Have you been down U.S. 20 East of Elkhart lately? I live out that way and I’m afraid I won’t be able to find my way home anymore. I am getting old, and maybe I am getting old-timers disease. Or could it be that nothing looks like it used to? Where is Pine Creek? Do any of you remember the Farmers Inn on the curve at C.R. 17? Yeah, it was a little greasy spoon, but they had good grub. I’ve lived out that way for 50 years. The first 30 were wonderful. We lived in the country, which is why we moved out of town. In 1987 they built the bypass. They took my mother’s house (where I grew up), farm buildings and most of the neighborhood I was familiar with. Most of our neighbors moved away.
We tolerated months of inconvenience caused by aggressive construction crews. They smashed my fruit trees and almost ran over my young son as he was getting on the bus in the mornings. A stranger almost snatched up our dog when it wandered out onto the moonscape construction zone. I have read that 60,000 or 70,000 vehicles pass by each day.
Honey bee colony collapse? I am seeing a total insect population collapse.
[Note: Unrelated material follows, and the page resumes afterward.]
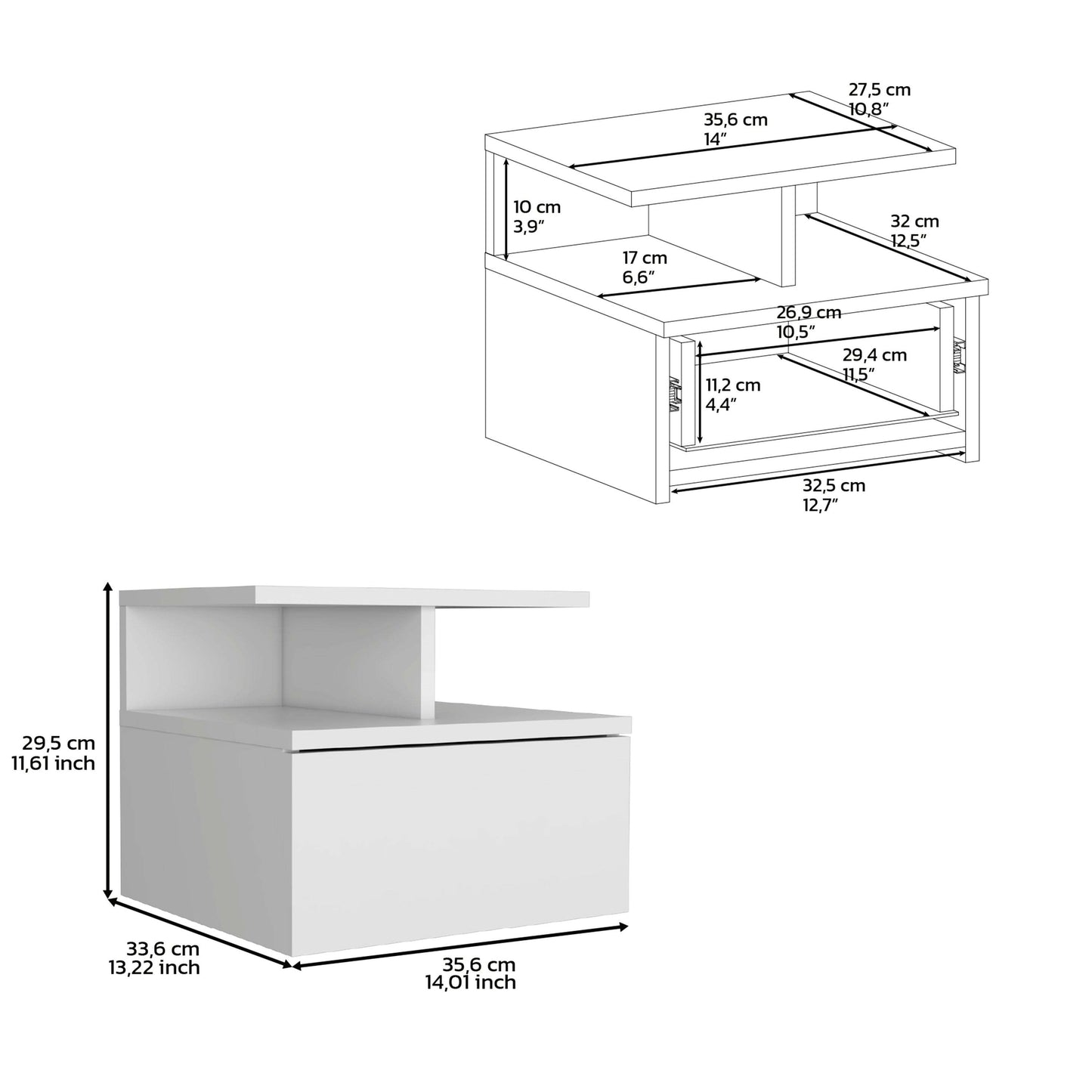 Floating Nightstand 12"H, Wall Mounted with Single Drawer and 2-Tier Shelf, White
As for the wildlife and songbirds, it was a struggle for them to survive the drought last year, and now more highway construction. I do thank the man on the highway who I saw stop his dump truck to pull an ugly snapping turtle off the road and toss it back into the swamp. Even nasty snappers deserve a break from the traffic. The deer can’t navigate the highway medians and spaghetti bowl. Most of them now go under the highway via the Pine Creek bridge. They are smarter than you think.
I remember sitting recently at the new Ivy Tech College, looking out the back window. I suddenly remembered that when I was 6 years old we had rented a barn to keep our horse and pony on a farm owned by Alice Moore. The barn was right there where I was sitting. In later years, I remember zipping around those field and pine tree groves on a snowmobile. The area is now Arbor Lakes apartments. I was riding my horse through the Bullard Farms Corn fields in 1974. The horse threw me off and I broke my leg. That field is now where the bowling alley is located.
The current U.S. 20 East construction really caught me by surprise. I did not realize it was going to impact the neighborhood yet again. I feel for all the folks who live down east of me who have lost their homes or most of their front yards. I think there are a couple of holdouts who have stated that they will have to “lock them up” to get them out of their houses. Have you seen how they just grind up the trees up and spit them out in a big pile? It is awesome. And the houses! They were there yesterday, and gone today! Poof! Our societal goals seem to be all about keeping the cars rolling.
I still love this area. It is where I grew up. But I think I am in love with old memories rather than today’s reality. S.R. 19, Cassopolis Street and U.S. 33 in Dunlap, I am sorry to say, are not very attractive, unless you like telephone poles and power lines. With all the fast-food joints, you could be on the main drag in almost any city in the country. They all look the same. Where are the county planners? Are they planning on building more roads? We had to spend that stimulus money, didn’t we? Talk about a carbon footprint! It looks like Bigfoot has been through there. And the design of these roads. Can you see the river when you cross the bridges? No. Tourists, come see our roads! Miles and miles of hypnotic concrete medians. Don’t fall asleep!
So if you see a bewildered-looking and/or angry older lady, perhaps ranting and yelling expletives, it’s just me, that crazy lady who lives on the north side of U.S. 20. I’m sure many of you will get to share my delight when you are stuck in backed-up traffic. Oh, I’m sure there will be backed-up traffic, and in hot July, I hope.
The new road will be beautiful when it is finished. Enjoy it.